At the heart of it is the molecule DNA. Every single cell in our bodies – from our heart to skin, blood and bone – contains a complete set of our DNA. This powerful molecule carries our genetic code and determines all manner of traits, from our eye colour to aspects of our personalities and, of course, our health. Interestingly, 99.9% of the DNA from two people is identical. It’s the other 0.1% of DNA code sequences that make us unique.
What are genes
Genes are segments of DNA that contain the instructions your body needs to make each of the many thousands of proteins required for life. Each gene is comprised of thousands of combinations of ‘letters’ which make up your genetic code. The code gives the instructions to make the proteins required for proper development and function.
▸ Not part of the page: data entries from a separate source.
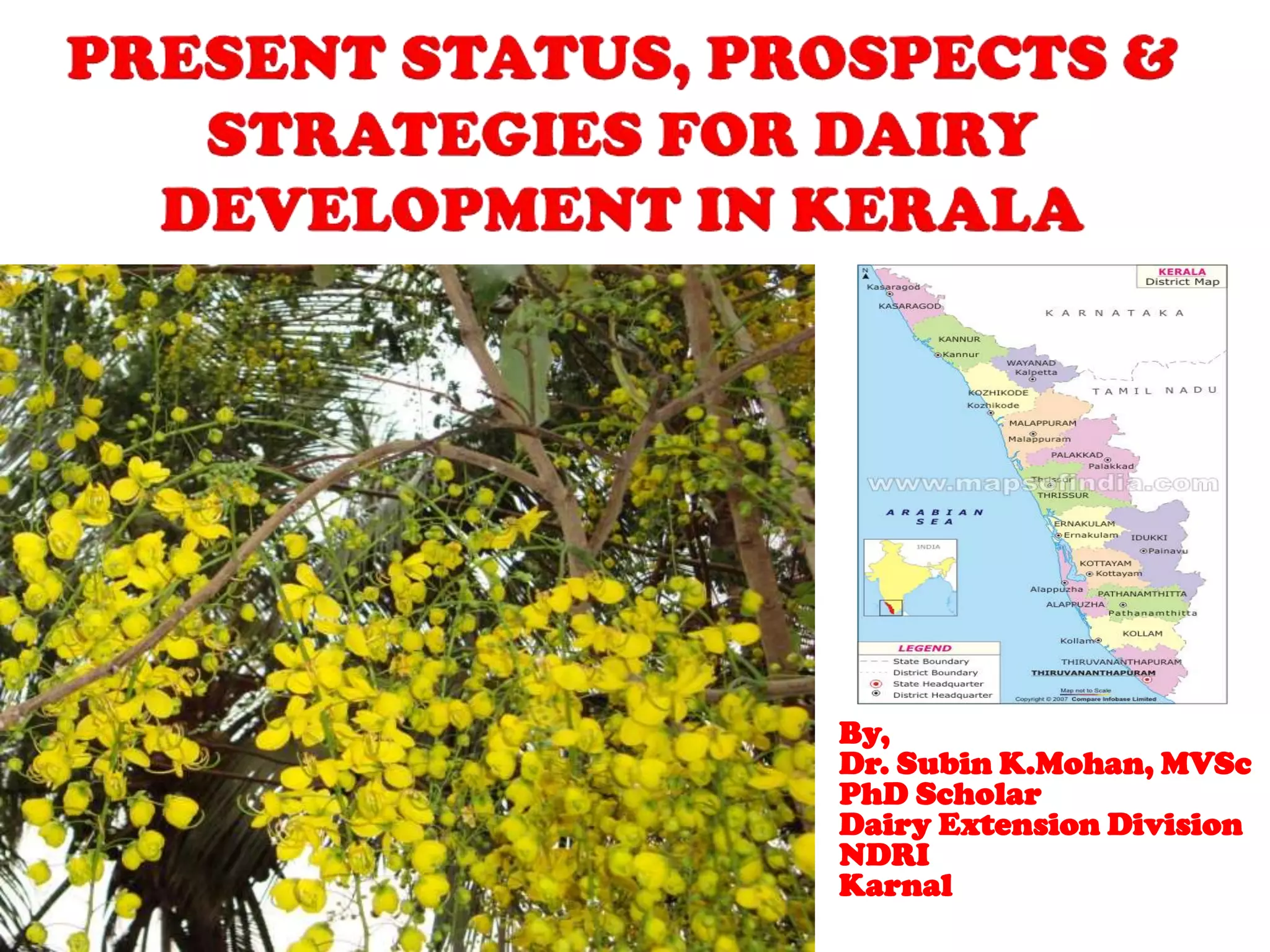 By,
Dr. Subin K.Mohan, MVSc
PhD Scholar
Dairy Extension Division
NDRI
Karnal
 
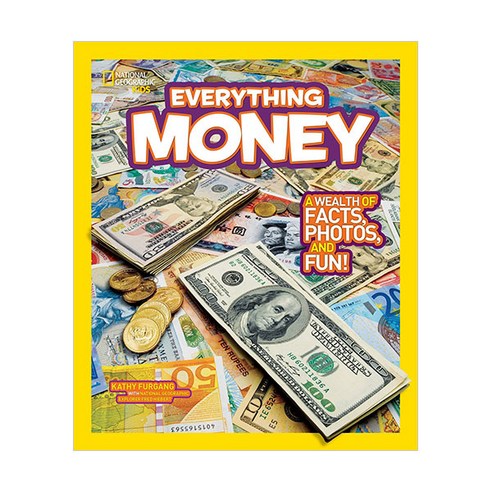 Everything Money : A wealth of facts photos and fun!, 내셔널지오그래픽키즈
What are genetic variations
An example of a genetic variation is that one ‘letter’ may be replaced by another. These variations can lead to changes in the resulting proteins being made. For example, a ‘C’ may be changed to a ‘G’ at a point in the genetic code. When the variation affects only one genetic ‘letter’ it is called a Single Nucleotide Polymorphism, or SNP (pronounced “snip”). Variations can however also affect more than one ‘letter’. Genetic tests look at specific chromosomes, genes or proteins, and the variations that occur within them, to make observations about disease or disease risk, body processes or physical traits.
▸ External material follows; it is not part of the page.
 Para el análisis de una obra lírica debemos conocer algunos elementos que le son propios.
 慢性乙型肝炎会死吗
Are genetic variations bad
In general, variations should not be considered good or bad. Rather, genetic variations are simply slight differences in the genetic code. The key is to know which form of the variation you carry so that you can make appropriate lifestyle choices. And that is the beauty of genetic testing. It can tell you more about the way you're built so that you can tailor your lifestyle to fit your biology.
The science behind your report
Once the DNAlysis lab receives your DNA sample, they use a process called Polymerase Chain Reaction (PCR) to copy the DNA in your genes many times over, so that they have ample material with which to analyse your genetic material. They then look for unique DNA sequences in your genes, and if they spot changes from the norm, they mark those as risk factors.